## Dataset extract
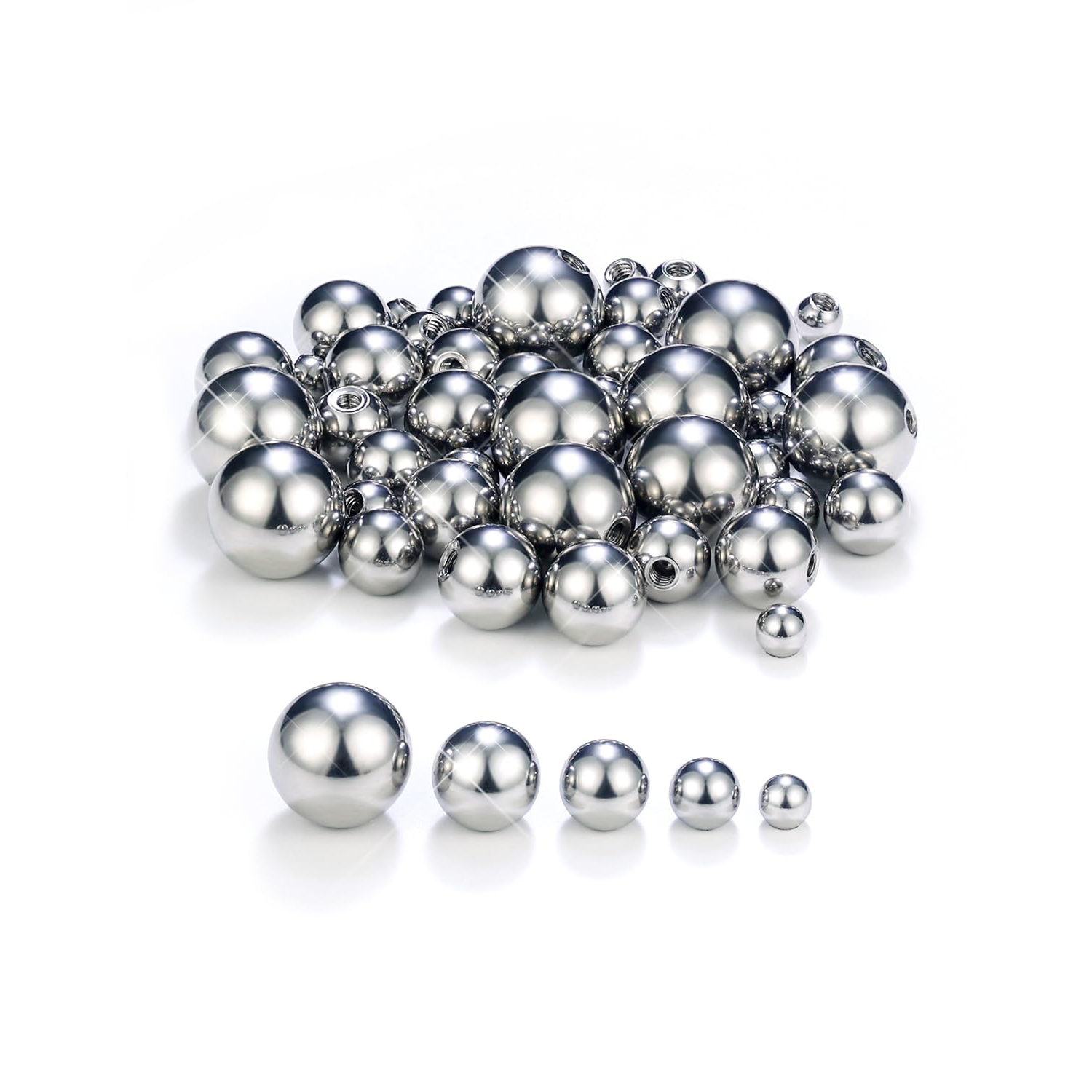 14 G 3 mm 4 mm 5 mm 6 mm 8 mm雄 - Body Jewelry Replacement Ball のレビューと価格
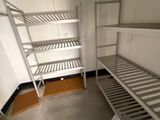 a bunk bed in the corner of a room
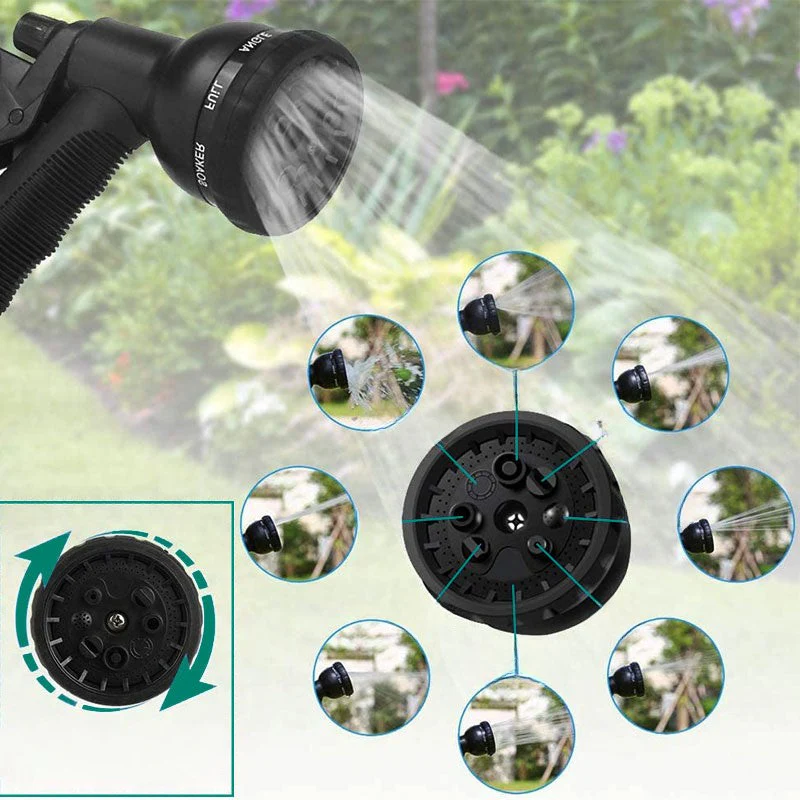 Expandable Garden Hose with Spray Nozzle Flexible Water Pipe - Image 4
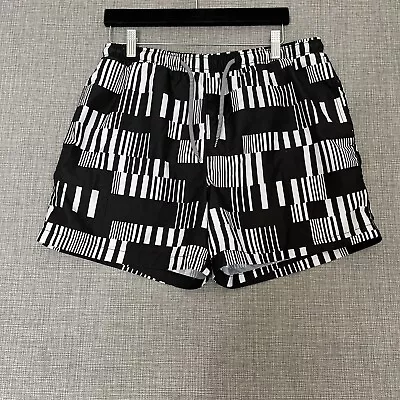 Nordstrom Open Edit Swim Shorts Mens Medium Black White • $12.88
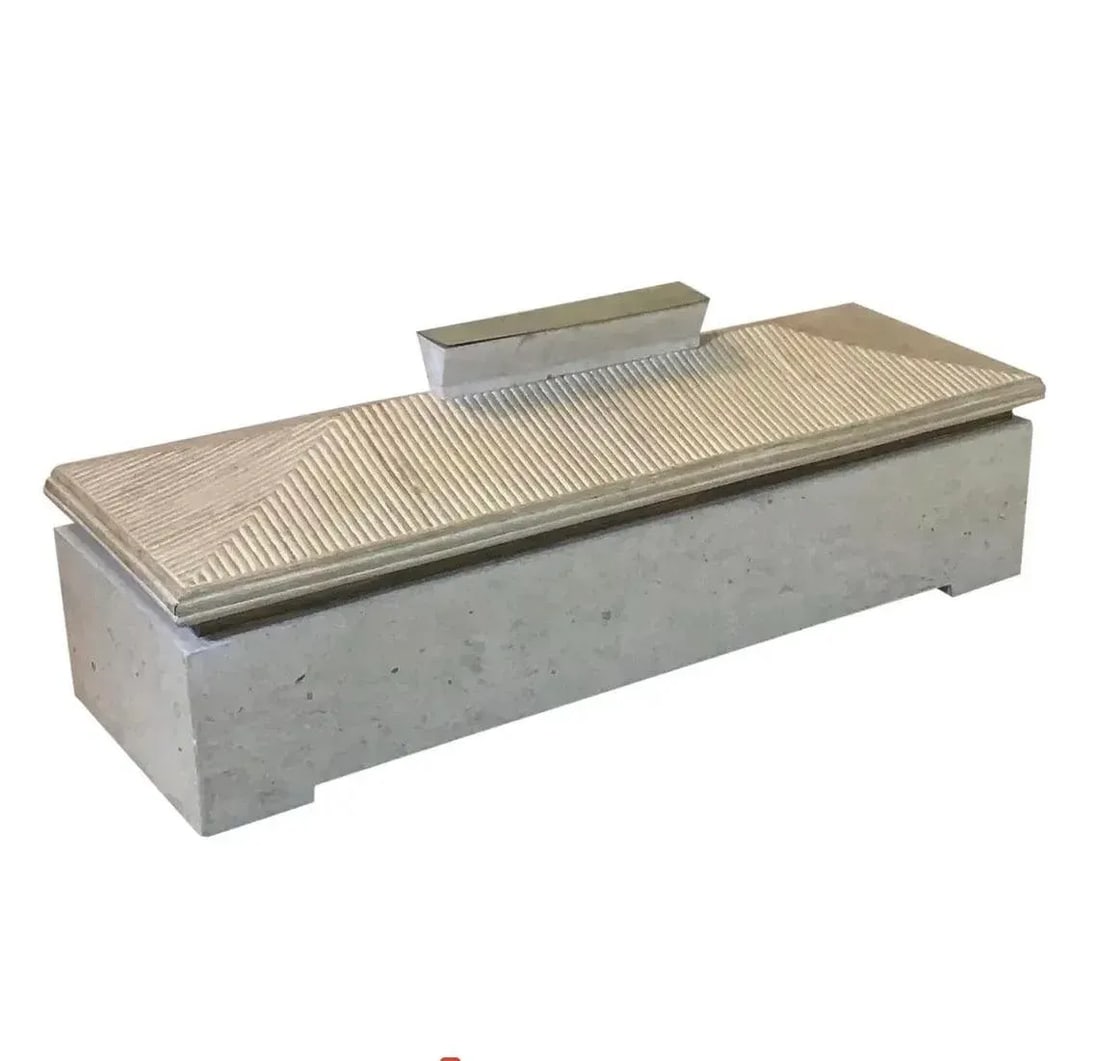 Vintage Maitland-Smith Tessellated Stone Pagoda Box Attributed to Karl Springer - 2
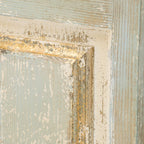Large Wooden Rectangle Hanging Panel Decorative Wall Sculpture with Carved Details - Beige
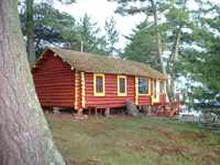 housekeeping guest cabin at Sabaskong Bay Lodge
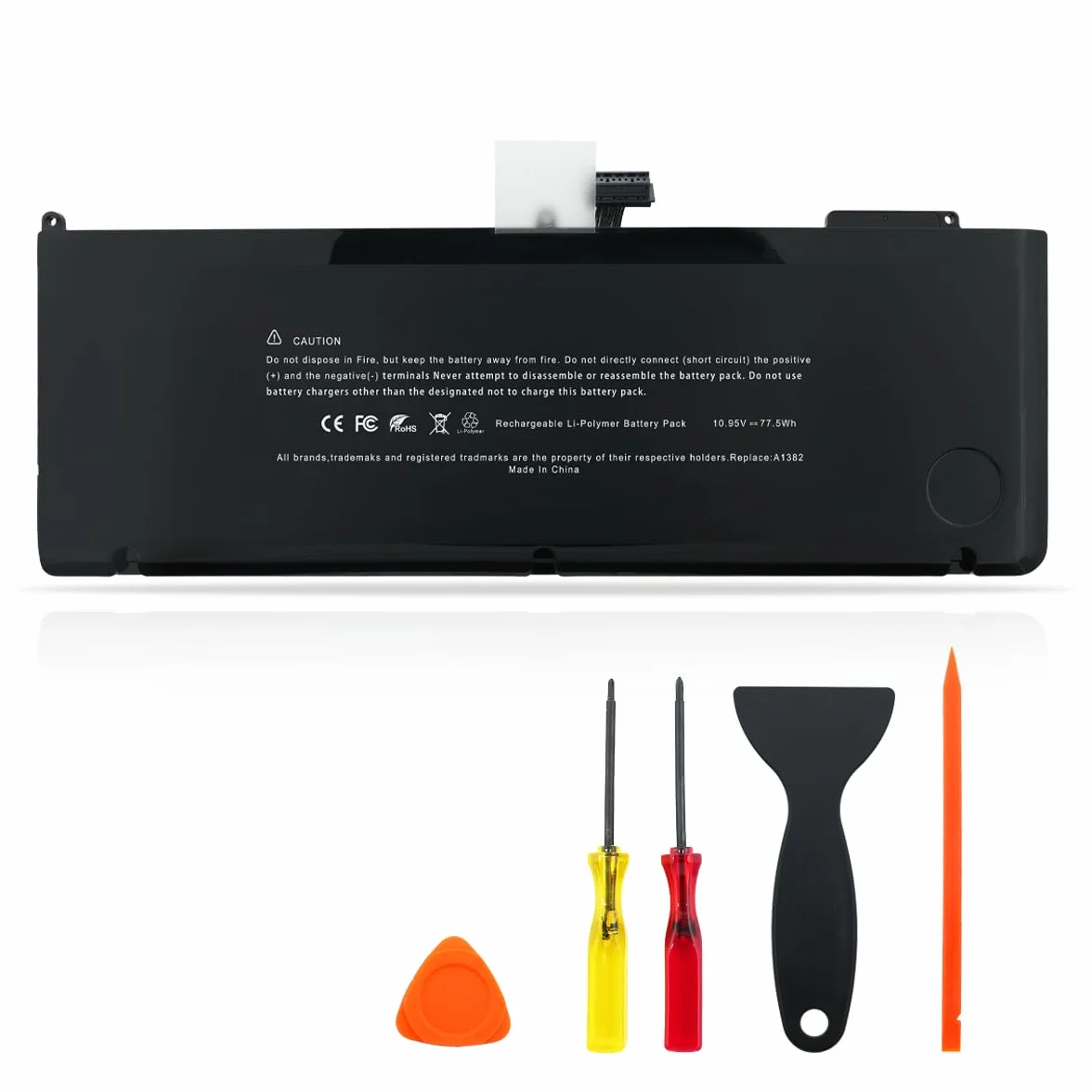 A1382 Laptop Batteria per MacBook Pro 15-inch A1286 (Early 2011, Late 2011, Mid 2012) MC721LL/A MD318LL/A MD322LL/A MC723LL/A MD035LL/A MD103LL/A MD104LL/A 10.95V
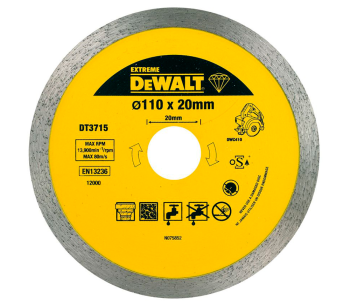 product Disc de tăiat cu diamant DEWALT DT3715 110mm Solid Marmura/Granit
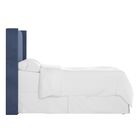 Velvet Wingback Headboard, , alternate image number null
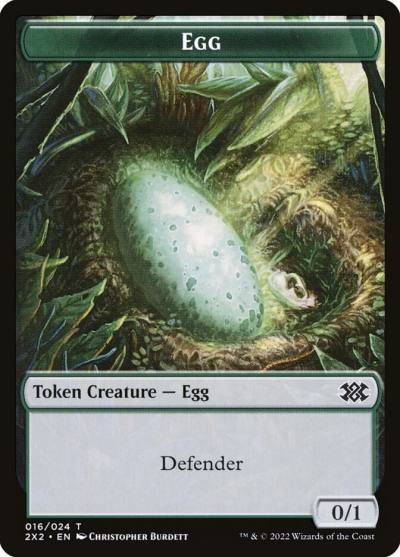 Egg T2X2-16 Double Masters 2022 Tokens Magic card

## Work request
Set down exactly and only the lines from the start of the entries above through the line containing "housekeeping guest cabin", both ends included, omitting the pictures.

## Expected answer
 14 G 3 mm 4 mm 5 mm 6 mm 8 mm雄 - Body Jewelry Replacement Ball のレビューと価格
 a bunk bed in the corner of a room
 Expandable Garden Hose with Spray Nozzle Flexible Water Pipe - Image 4
 Nordstrom Open Edit Swim Shorts Mens Medium Black White • $12.88
 Vintage Maitland-Smith Tessellated Stone Pagoda Box Attributed to Karl Springer - 2
Large Wooden Rectangle Hanging Panel Decorative Wall Sculpture with Carved Details - Beige
 housekeeping guest cabin at Sabaskong Bay Lodge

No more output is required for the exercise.